For tour operators that adopt a multi-supplier strategy for sourcing rooms, data management is still a major challenge.

This approach can cause duplication as the same accommodation is returned from direct sources, bed-banks and hotel switches in a single search.

Robust reconciliation and discrepancy detection is required to prevent miss-allocation which can have financial implications.

The hotel supply chain is varied and complex. Tour operators may have their own paper contracts loaded into a reservation system but may also source rates for the same hotel via third party API integrations to that reservation system with Expedia or Hotelbeds for instance.

When data is fed into a system from multiple sources, it’s essential to figure out where there are duplicates.

In most cases, there is no magic ID for properties to determine whether two properties are the same.

Although there are initiatives such as TTIcodes aiming to solve this issue, they are yet to be adopted by the wider market.

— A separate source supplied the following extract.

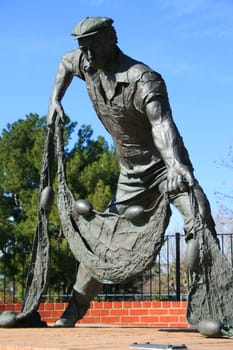 Statue of a working man in a park.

There are a range of typical attributes in your data that can be used to differentiate between multitudes of properties which can be categorised as follows:

  • Nomenclature-related attributes: Each hotel has a name, but note it may not be unique;
  • Location-related attributes: The position of the hotel, reflected by its address, position metrics (latitude, longitude). These also may not be unique given how each agency system represents addresses and the latitude/longitude combination may not be 100% accurate in each system;
  • Amenity-related attributes: Each hotel has its own amenities. These are far from unique;
  • Other attributes: These include contact information, star rating (4-star, 5-star, etc).

It seems that there are enough groups of attributes for a system to distinguish two hotels. It is not too difficult, in most cases, to discern whether two hotels are different.

What’s difficult is figuring out whether two hotel entities are the same. If the names of the two hotels are drastically different then it’s easy.

It’s not easy to establish when the difference in the hotel names is minute. In order to do this, we need to quantify the difference.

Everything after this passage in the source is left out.